Australia was the 17th of the 23 countries we visited on our year-long journey around the world starting in June 2014.
Our adventure here began in Sydney, a big, clean, friendly, dynamic city with a harbor that is as picturesque as San Francisco Bay. I spent most of my time photographing the famous Opera House, Sydney Harbor Bridge and the awesome city skyline at sunset and sunrise.
Our next stop was Jervis Bay in south Queensland, a coastal region with dramatic seascapes, eucalyptus, paperbark birch and beech forests. Storms followed us to nearby Booderee National Park, providing an ominous but photogenic sky over the rugged coastline.
Then we drove into Australia’s Blue Mountains. Truth is, it is so named because of the dense canopy of blue gum eucalyptus found here, not because the mountains are blue. In fact, these are not mountains at all, but rather a plateau over a deep, deep canyon – deeper than the Grand Canyon, USA. It was here that I got to meet “The Three Sisters,” a famous rock formation that makes for interesting photography. My encounter occurred on a serene morning just as dawn light lit the formations.

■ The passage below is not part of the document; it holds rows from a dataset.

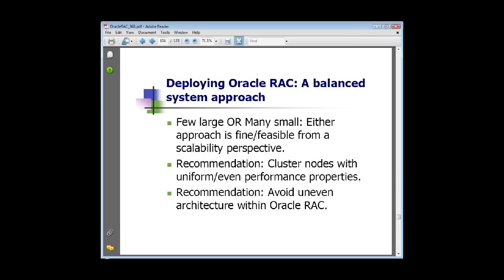But neither is particularly right. If you've got four mid-range servers and you want to press them into a RAC environment, there would be no reason not to do that. Likewise, if you had 40 smaller servers and you want to put those together in a cluster, that would work as well. But you want to have uniform or even performance properties. When you get something uneven in Oracle RAC, things break down. For example, if you have a 10-node RAC cluster and one of your nodes has the wrong date and time — say it's off by about 10 seconds — that can cause a lot of problems. Even an imbalance of something as simple as date and time can throw a monkey wrench into your RAC.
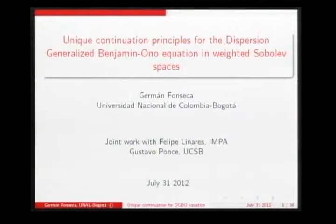I'm Fonseca from the Universidad Nacional de Colombia in Bogotá. He will be talking about unique continuation principles for the dispersion generalized Benjamin-Ono equation in weighted sub-level spaces. Thank you, Pedro, for introducing the conference. I thank Felipe and Hermano for the invitation to participate in this Congress. This is a joint work with Felipe and Gustavo.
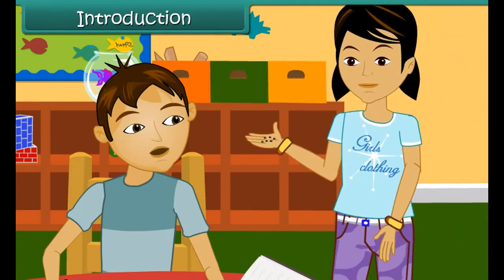Hey Pooja Didi, you are here. I want your little help in my biology project. Can you help me please? Yeah, sure Aman. But before that, let me sow these seeds in the soil.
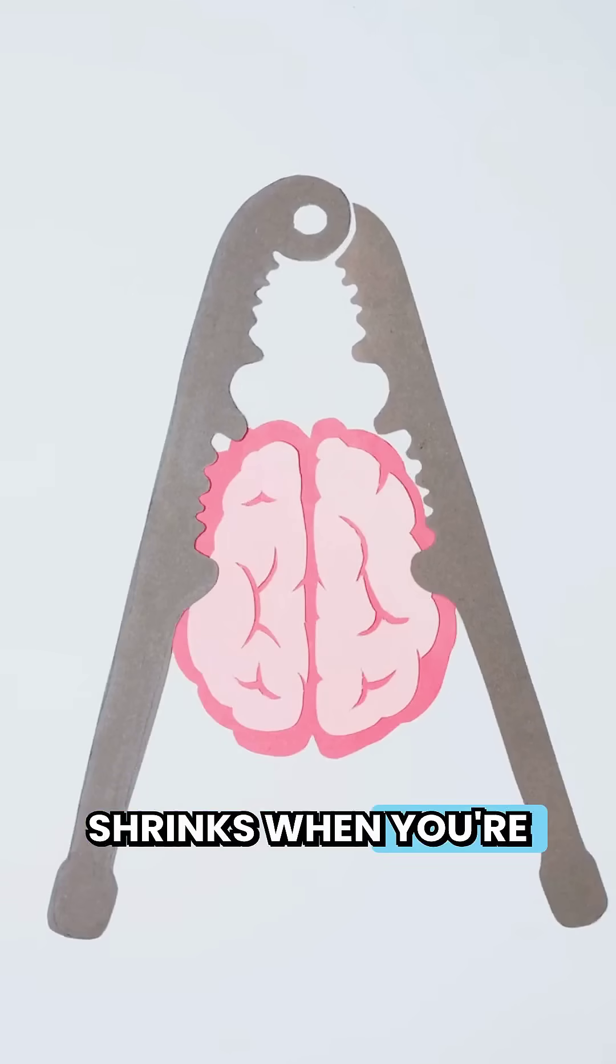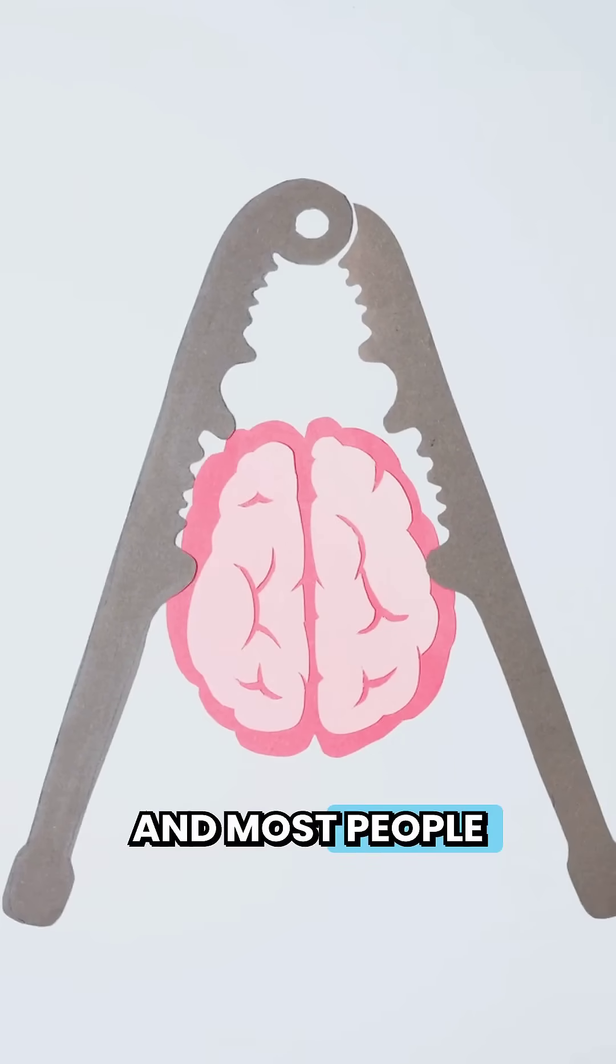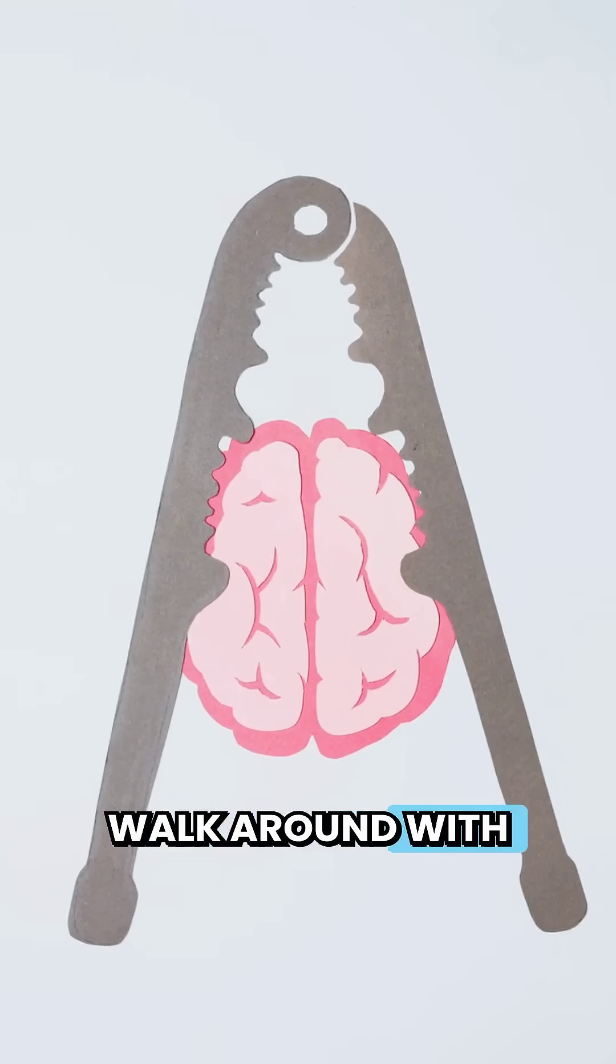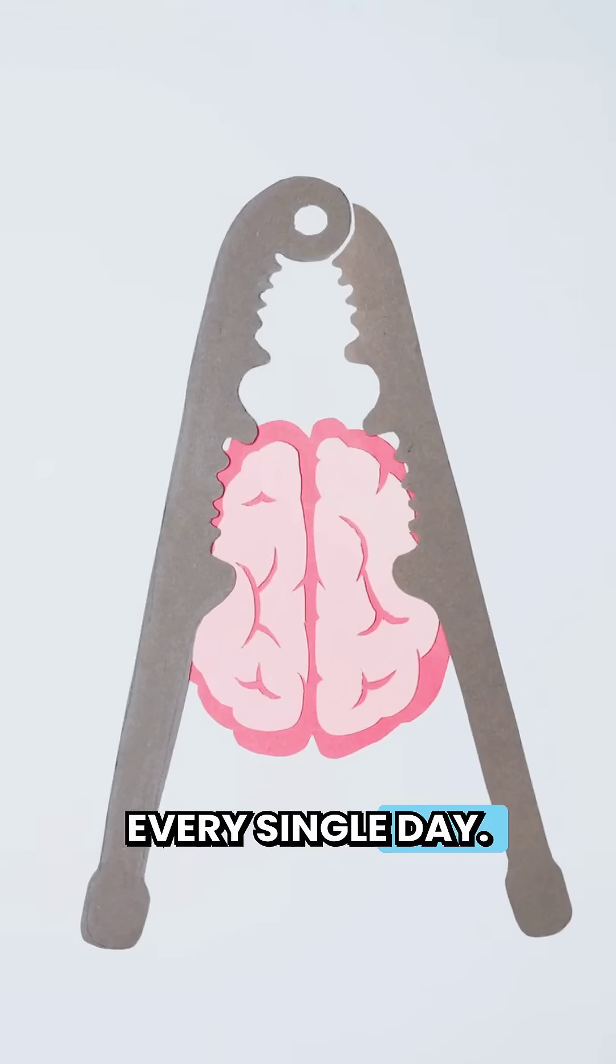Your brain literally shrinks when you're dehydrated, and most people walk around with a smaller brain every single day. Scientists discovered that losing just 2% of your body's water causes your brain tissue to physically contract. That's like going from a grape to a raisin.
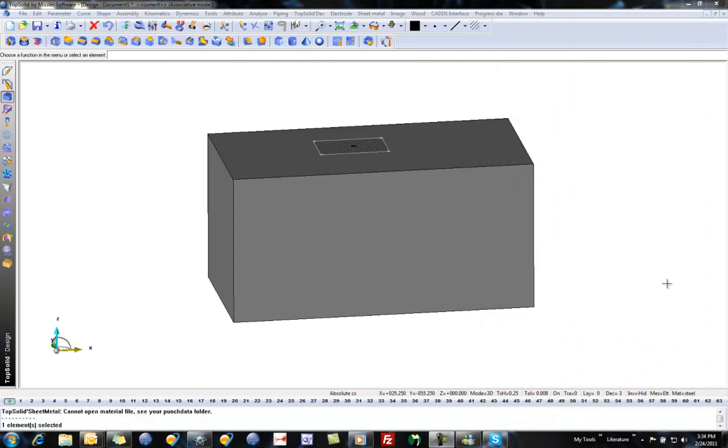Okay, in this sample we're going to learn how to import our own custom texture to use in TopSolid's rendering package.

Melbourne was a fun city to explore, especially during the Australian Open tennis tournament. The town has an intriguing historic district and art scene, including an alley known for its colorful graffiti wall art. From there, we drove the Great Ocean Road toward Adelaide. It is a beautiful coastal route on the order of places like Big Sur, California and the Garden Route in South Africa. It was in Port Campbell that I was introduced to the iconic 12 Apostles during a magical sunset and followed the next morning by an equally magical moonset.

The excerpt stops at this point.